- WORK INSTRUCTIONS -
Which lines come from the start of the listing through the line holding "Vintage Wooden Drawer"? Restate exactly those, both included, minus the pictures.

___ DATA EXTRACT ___

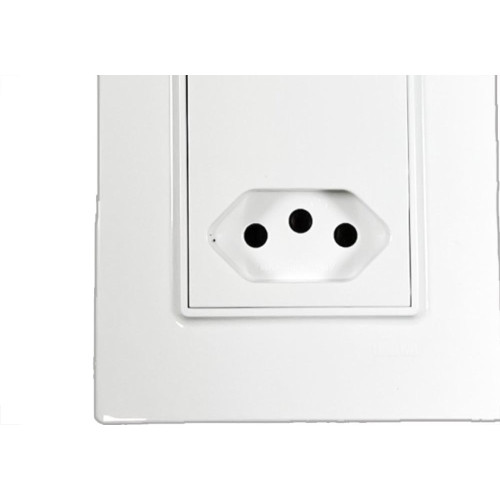 Conjunto Ilumi Vivaz Branco Com Placa 2 Tomadas 10A. - 78120 Monobloco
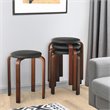 Costway Round Bentwood and PU Leather Stool with Padded Seat in Black (Set of 4)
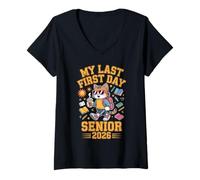 Womens Senior 2026 My Last First Day Cool Cat Back to School Kids V-Neck T-Shirt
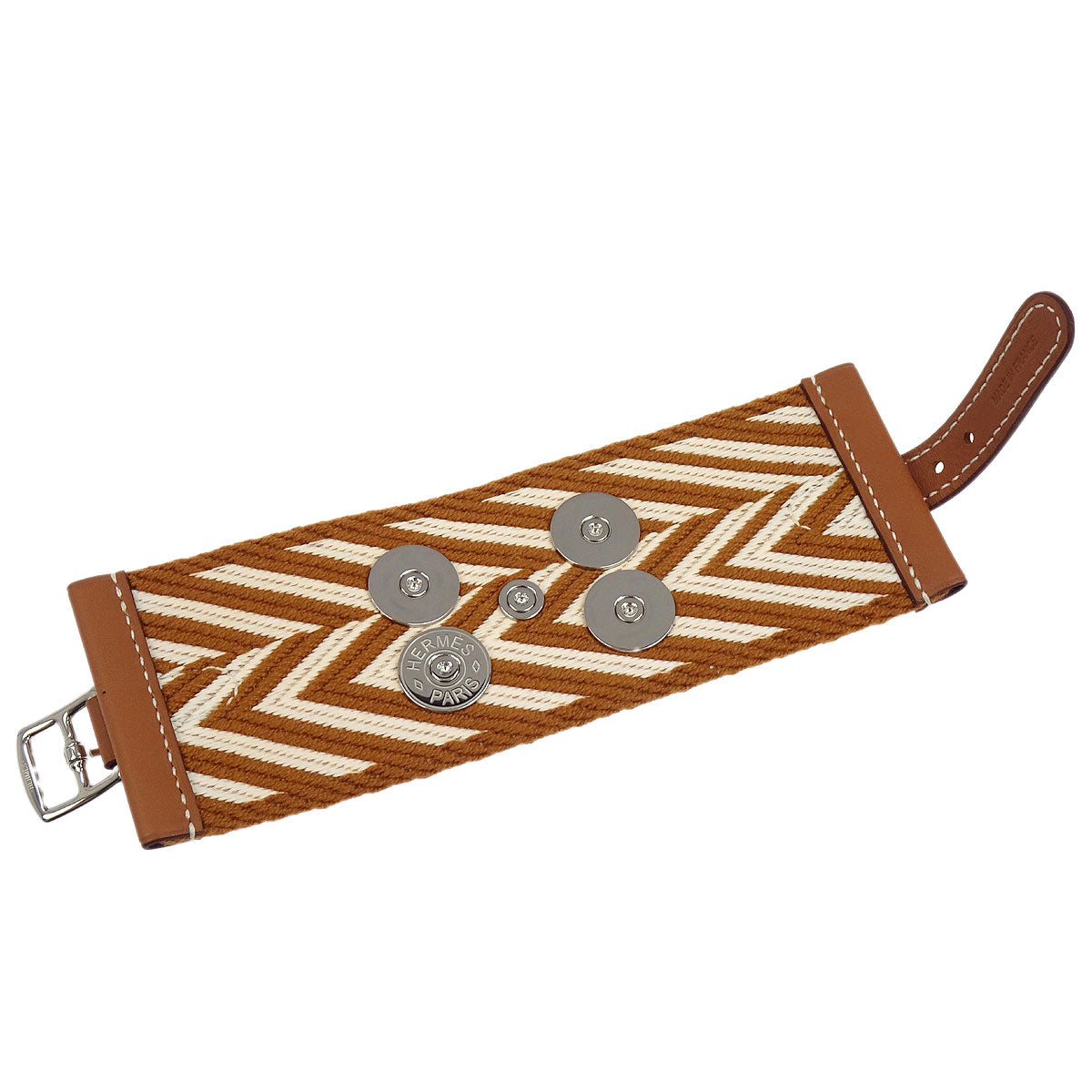 Hermes Brown Toile Collier De Chien ZigZag Manchette Bangle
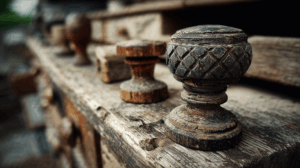 Vintage Wooden Drawer Knobs On A Rustic Workbench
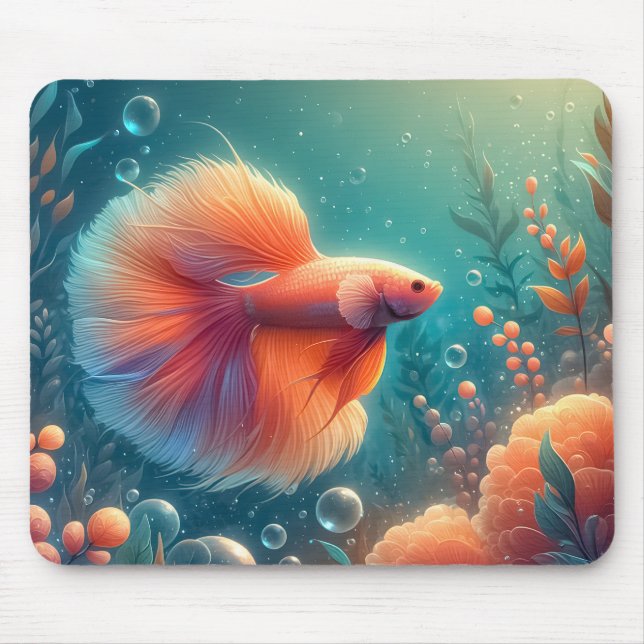 Tapis De Souris Poisson Bétta orange vibre (Devant)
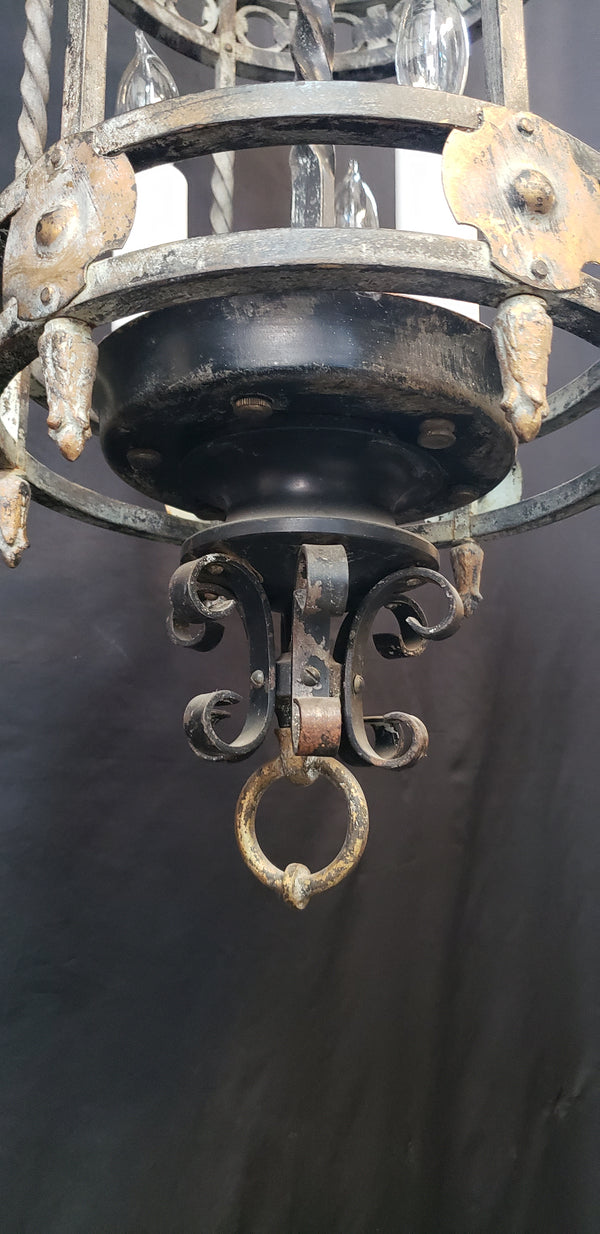 Restored Turn of the Century 3 Light Iron Ceiling Fixture 36" x 12" GS00388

___

- ANSWER BELOW -
 Conjunto Ilumi Vivaz Branco Com Placa 2 Tomadas 10A. - 78120 Monobloco
 Costway Round Bentwood and PU Leather Stool with Padded Seat in Black (Set of 4)
 Womens Senior 2026 My Last First Day Cool Cat Back to School Kids V-Neck T-Shirt
 Hermes Brown Toile Collier De Chien ZigZag Manchette Bangle
 Vintage Wooden Drawer Knobs On A Rustic Workbench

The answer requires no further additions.